Au sommaire, on trouvera encore deux nouvelles non vampiriques (quatre dans la version numérique). La première est le 3e prix Alain le Bussy 2023, L'odeur des paupières brûlées au petit matin d'Olivier Goncalves. Ce texte feutré utilise à merveille un artifice qui d'ordinaire m'insupporte, la narration à la deuxième personne. C'est ici particulièrement efficace pour dépeindre le deuil du narrateur qui s'adresse pour la dernière fois à sa mère. Galaxies SF poursuit également ses « Chroniques d'Ukraine » en publiant Génomorphe de Vladimir Venglovski, nouvelle bien ficelée qui nous entraîne sur une planète dont les habitants peuvent se métamorphoser en animaux, au risque d'y perdre leur conscience. Le lectorat de la version numérique profitera aussi du Décrocheur, de Raymond Iss, texte gouailleur sur un petit métier inattendu d'un futur où le secret de l'immortalité a été percé, ainsi que de Seconde chance, de Morwenna Le Bevillon, où l'on retrouvera encore (décidément !) du voyage temporel, pour une intrigue de facture classique mais rondement menée.

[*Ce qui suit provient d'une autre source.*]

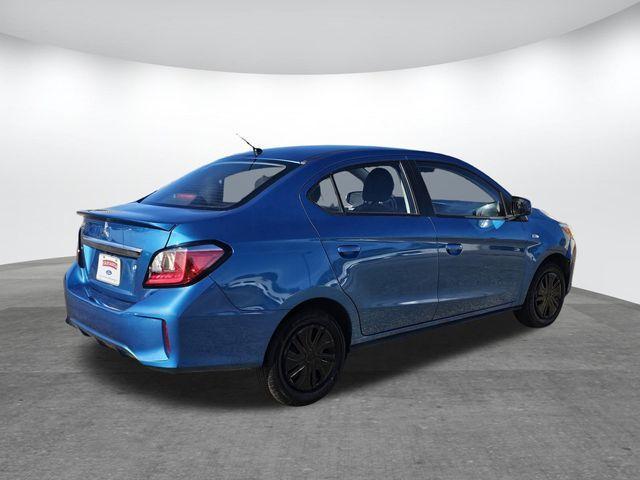 used 2024 Mitsubishi Mirage G4 car, priced at $12,000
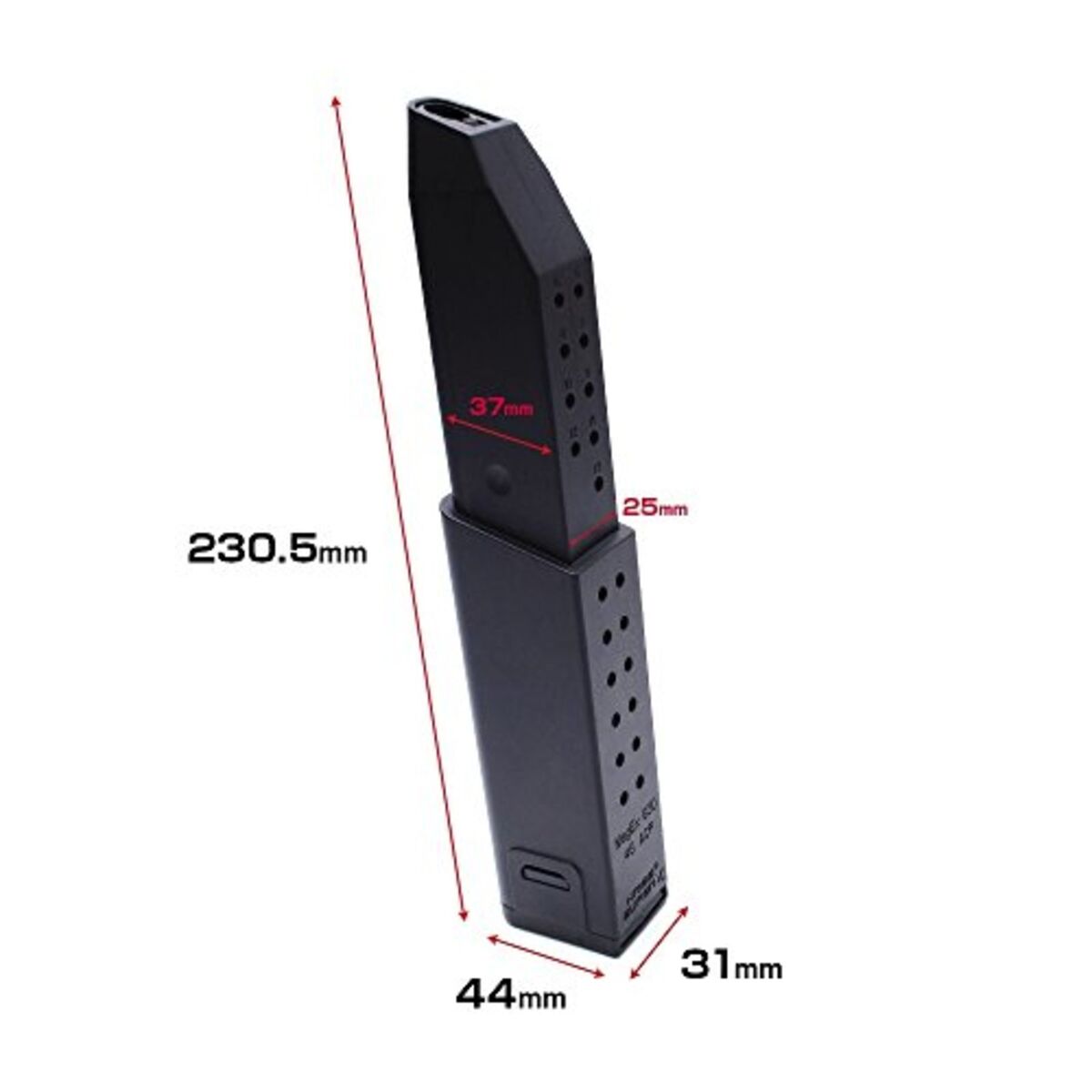 KRYTAC - KRISS Vector 95rd Magazine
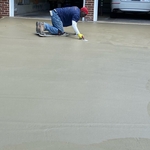 20x40 Driveway
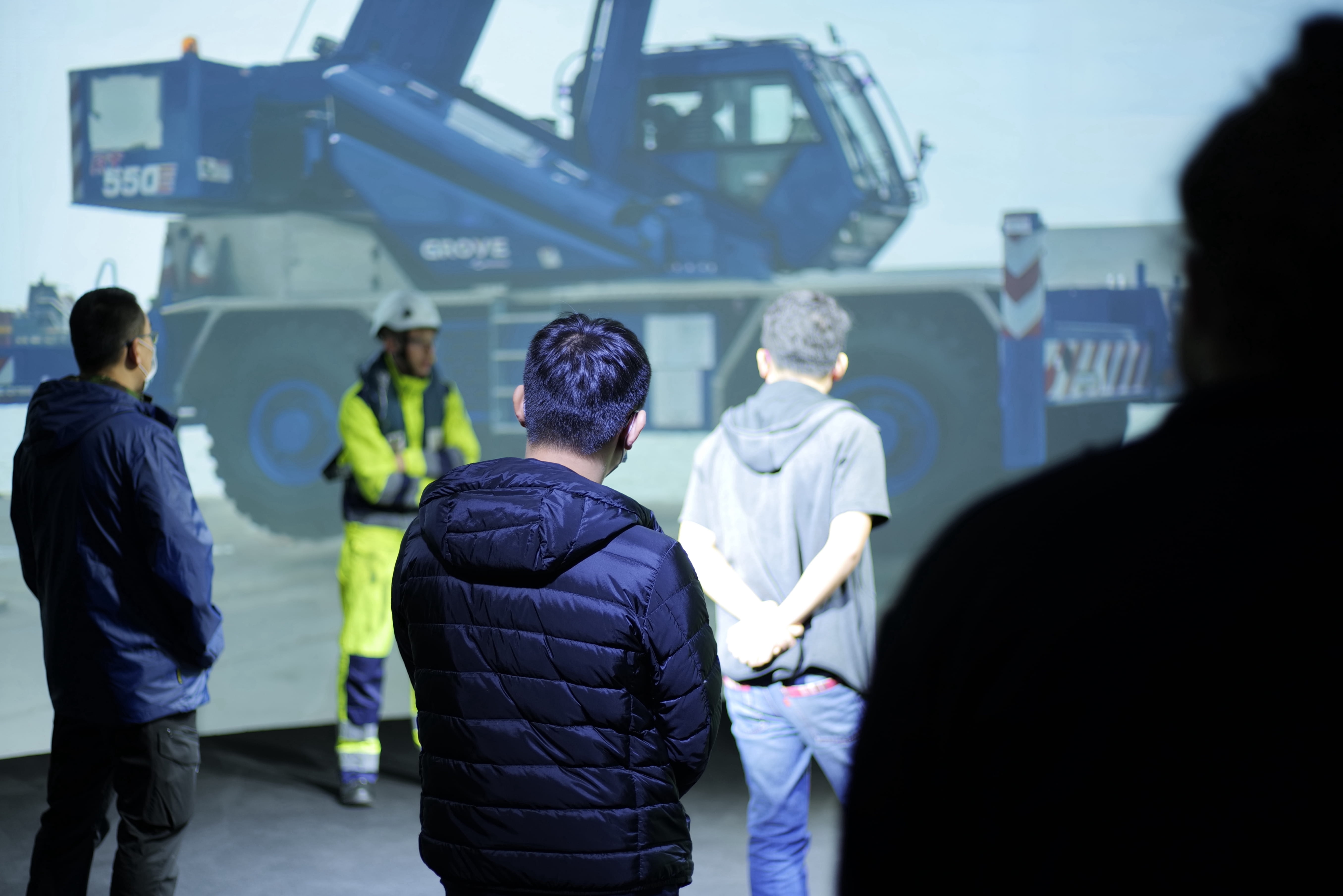 Orsted And Active Training Team Celebrate Five Years Of Thrive Safety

Les dernières pages sont occupées par les rubriques habituelles. La chronique musicale de Jean-Michel Calvez se penche sur Francisco Lopez, artiste d'avant-garde espagnol prolifique, tandis que Didier Reboussin revient sur la courte bibliographie de Jacques Hoven chez Fleuve Noir. Critiques de livres, bédés et films complètent ce numéro 85 bourré de chouettes nouvelles.